# Population Growth

1. Jan 22, 2006

### zoldman

I am quite sure the first approach is to use partial fractions but I am
unclear how to finish this equation

1/P*dP/dt=b+aP

2. Jan 23, 2006

### HallsofIvy

Staff Emeritus
How to finish it? You haven't started it!

$$\frac{1}{P}\frac{dP}{dt}= b+aP$$
is separable:
$$\frac{dP}{P(b+aP)}= dt$$
We can write
$$\frac{1}{P(b+ aP)}= \frac{A}{P}+ \frac{B}{b+ aP}$$
for some A and B. Multiply both sides by P(b+ aP):
$$1= A(b+ aP)+ BP$$

What do you get if P= 0? What do you get if P= -a/b? Put those values for A and B into the fractions and integrate.

3. Jan 23, 2006

### zoldman

Solve P=? or t=?

I appreciate the confirmation of the partial Fraction step. I arrive at the same situation:

A=1/b and B=-a/b. And I know both a and b from a linear regression.

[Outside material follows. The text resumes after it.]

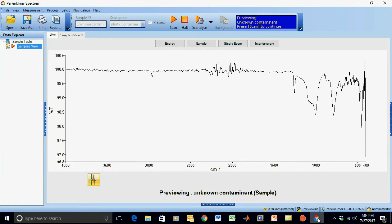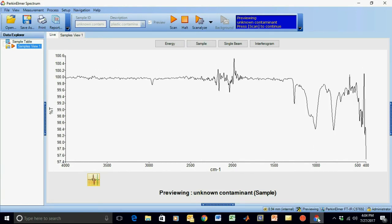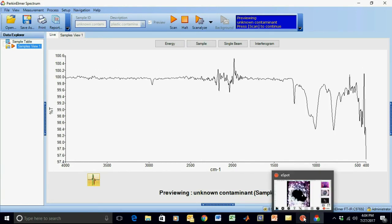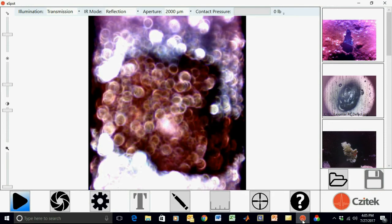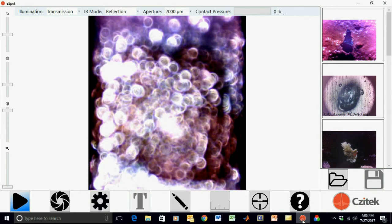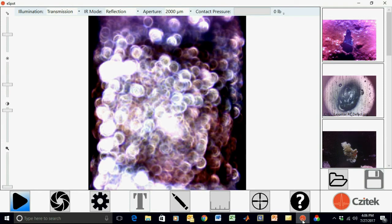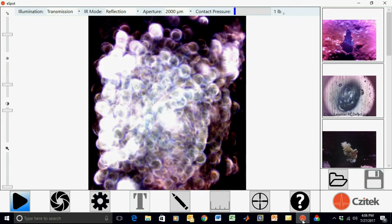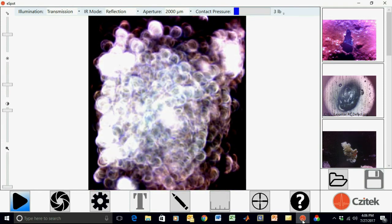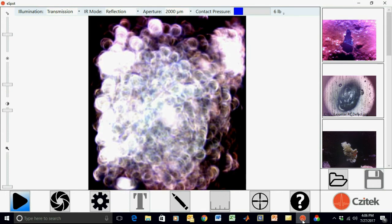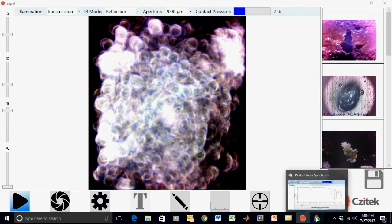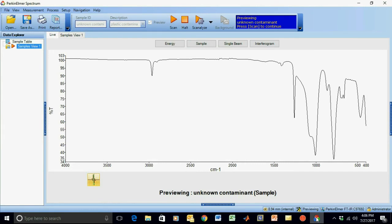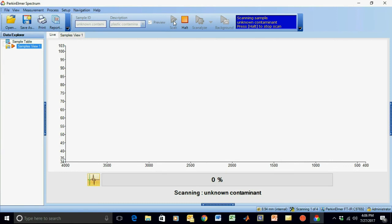Using preview scan, we monitor the degree of contact by the infrared band depth. We continue to apply force to the sample while monitoring the contact using eSpot video microscopy software. A pressure readout progress bar is displayed in the upper right-hand corner of eSpot software, letting you know when optimum pressure is obtained. When maximum infrared band depths are observed, we're ready to collect the spectrum.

So substituting back I get

((1/b)/P+((-a/b)/(b+aP)=dt then integrate both sides

(1/b)lnP +(-1/b)ln(b+aP)=t +C

Now my question is here how do I solve for P= f(t).

4. Jan 24, 2006

### HallsofIvy

Staff Emeritus
The rest is algebra:
$$\frac{1}{b}ln P- \frac{1}{b}ln(b+aP)= ln\left(\frac{P}{b+aP}\right)^\frac{1}{b}= t+ c$$
Take exponential of both sides:
$$\left(\frac{P}{b+aP}\right)^\frac{1}{b}= e^{t+ C}= C'e^t$$
(C= eC)
Take ath power of both sides:
$$\frac{P}{b+aP}=C"e^{at}$$
(C"= C'a)
multiply both sides by b+ aP and expand:
$$P= C"e^{at}(b+ aP)= C"be^{at}+ aC"e^{at}P$$
$$P- aC"e^{at}P= P(1- aC"e^{at})= C"be^{at}$$
$$P= \frac{C"be^{at}}{1- aC"e^{at}$$

5. Jan 24, 2006

### mathwonk

i thionk that logistic equation is more usefully written as dP/dt

= aP(1 - P/N).

of course it is separable and solving it, shows that the populaion approaches N as time goes on.

6. Jan 24, 2006

### saltydog

Starting with:

$$\frac{1}{b}ln(P)-\frac{1}{b}ln(b+aP)=t+c$$

multiplying by b and collecting logarithms:

$$ln\left[\frac{P}{b+aP}\right]=b(t+c)$$

Taking exponentials:

$$\frac{P}{b+aP}=e^{b(t+c)}$$

multiplying both sides by b+aP and collecting the P's:

$$P\left[1-ae^{b(t+c)}\right]=be^{b(t+c)}$$

Isolating the P and then multiplying the top and bottom of the rational expression by $e^{b(t+c)}$ to make it cleaner leaves:

$$P(t)=\frac{b}{e^{-b(t+c)}-a}$$

Now, how about completely characterizing the solutions in terms of a and b assuming some initial condition like P(0)=1. What would it look like whatever it was? (just a suggestion )

Last edited: Jan 25, 2006
7. Jan 25, 2007

### raiders06

I am working on the same problem; however I started out a bit different. Follwing the above; now all I need to do is substitue my a and b values; my initial condition is P sub 0 = 3.9
Am I going in the right direction?